Pretrained models let you use AI with no data science experience. Simply provide an image to
the Vision service and get back information about the objects, text, and scenes in the image
without having to create your own model.
Use Cases
There are a number of use cases for pretrained image analysis models.
Digital asset management
Tag digital media like images for better indexing and retrieval.
Scene monitoring
Detect if items are on retail shelves, vegetation is growing in the surveillance image
of a power line, or if trucks are available at a lot for delivery or shipment.
Supported Formats
Vision supports several image analysis formats.

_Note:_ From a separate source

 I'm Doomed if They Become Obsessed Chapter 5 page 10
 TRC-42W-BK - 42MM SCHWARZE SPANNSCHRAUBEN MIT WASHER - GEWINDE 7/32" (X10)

Images can be uploaded either from local storage or Oracle Cloud Infrastructure Object Storage. The images can be in the following
formats:
JPG
PNG
Pretrained Models
There are three types of pretrained image analysis model with Vision.

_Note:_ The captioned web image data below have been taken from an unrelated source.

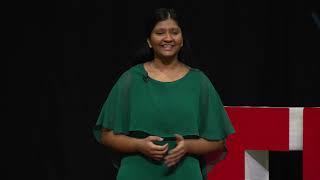 Success is a never ending cycle. | Sindhu Guntur | TEDxYouth@Southlake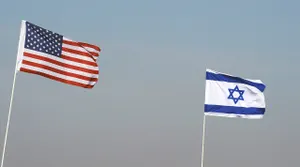 Effort to Merge U.S. Military with Israel Under Fire
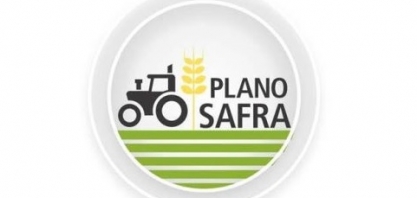 Contratação de crédito agrícola no Brasil cresce 48% em julho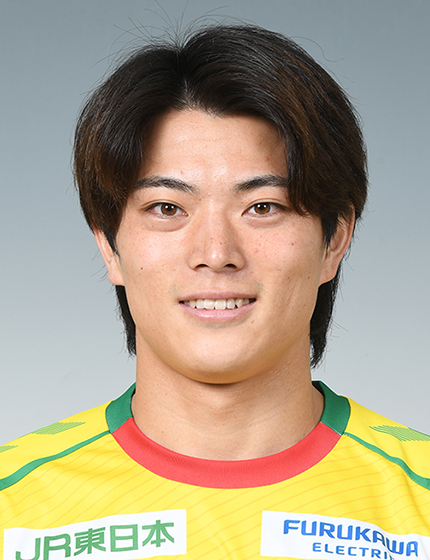 田中 和樹(ジェフユナイテッド千葉 背番号7) - Jリーグ 選手名鑑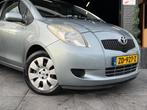Toyota Yaris 1.3 VVTi Terra|Airco|El Pakket|Nieuwe APK, Voorwielaandrijving, Stof, Huisgarantie, 4 cilinders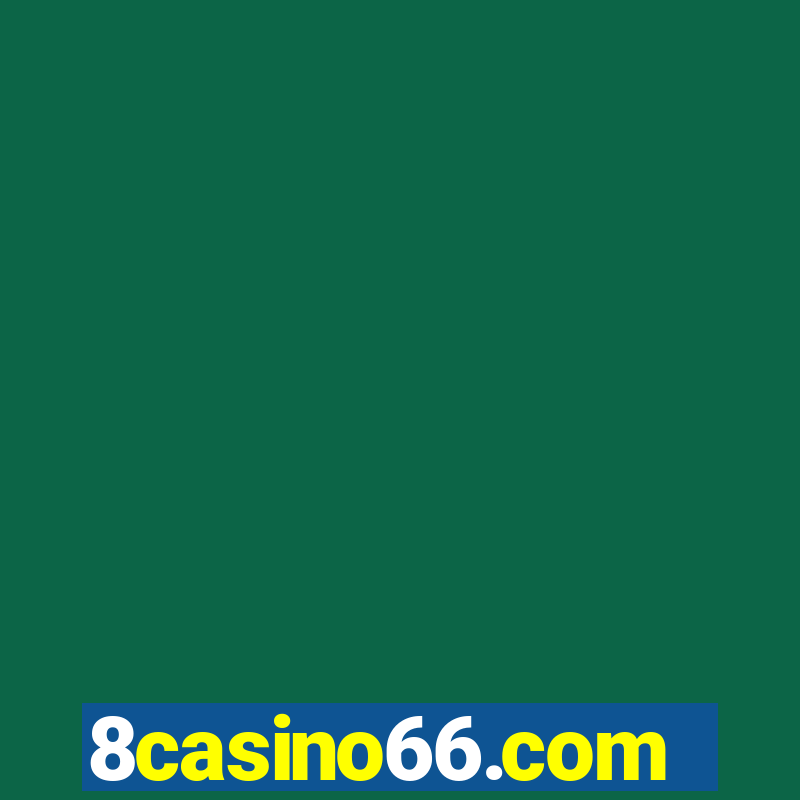 8casino66.com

Object detection is used to locate and identity objects within an image. For example,
if you have an image of a living room, Vision locates the
objects there, such as a chair, a sofa, and a TV. It then provides bounding boxes for each of
the objects and identifies them.
Vision provides a confidence score for each object
identified. The confidence score is a decimal number. Scores closer to 1 indicate a higher
confidence in the objects classification, while lower scores indicate a lower confidence
score. The range of the confidence score for each label is from 0 to 1.

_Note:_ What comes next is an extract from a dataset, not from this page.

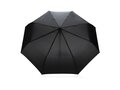 Parapluie 21" automatique en rPET 190T Impact AWARE™ 2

Image classification can be used to identify scene-based features and objects in an
image. You can have one classification or many classifications, depending on the use case and
the number of items in an image. For example, if you have an image of a person running, Vision identifies the person, the clothing, and the
footwear.
Vision provides a confidence score for each label. The
confidence score is a decimal number. Scores closer to 1 indicate a higher confidence in the
label, while lower scores indicate lower confidence score. The range of the confidence score
for each label is from 0 to 1.
Vision can detect and recognize text in a
document.
Language classification identifies the language of a document, then OCR draws bounding boxes
around the printed or hand-written text it locates in an image, and digitizes the text. For
example, if you have an image of a stop sign, Vision locates
the text in that image and extracts the text STOP. It provides bounding boxes
for the identified text.
Vision provides a confidence score for each text grouping.
The confidence score is a decimal number. Scores closer to 1 indicate a higher confidence in
the extracted text, while lower scores indicate lower confidence score. The range of the
confidence score for each label is from 0 to 1.
Text Detection can be used with Document AI or Image Analysis models.
OCR support is limited to English. If you know the text in your images is in English, set the
language to Eng.
Vision provides pretrained models for customers to
extract insights about their images without needing Data Scientists.
You need the following before using a pretrained model:
A paid tenancy account in Oracle Cloud Infrastructure.
Familiarity with Oracle Cloud Infrastructure Object Storage.
You can call the pretrained Image Analysis models as a batch request using Rest APIs,
SDK, or CLI. You can call the pretrained Image Analysis models as a single request using
the Console, Rest APIs, SDK, or CLI.
See the Limits section for information on what is allowed in batch
requests.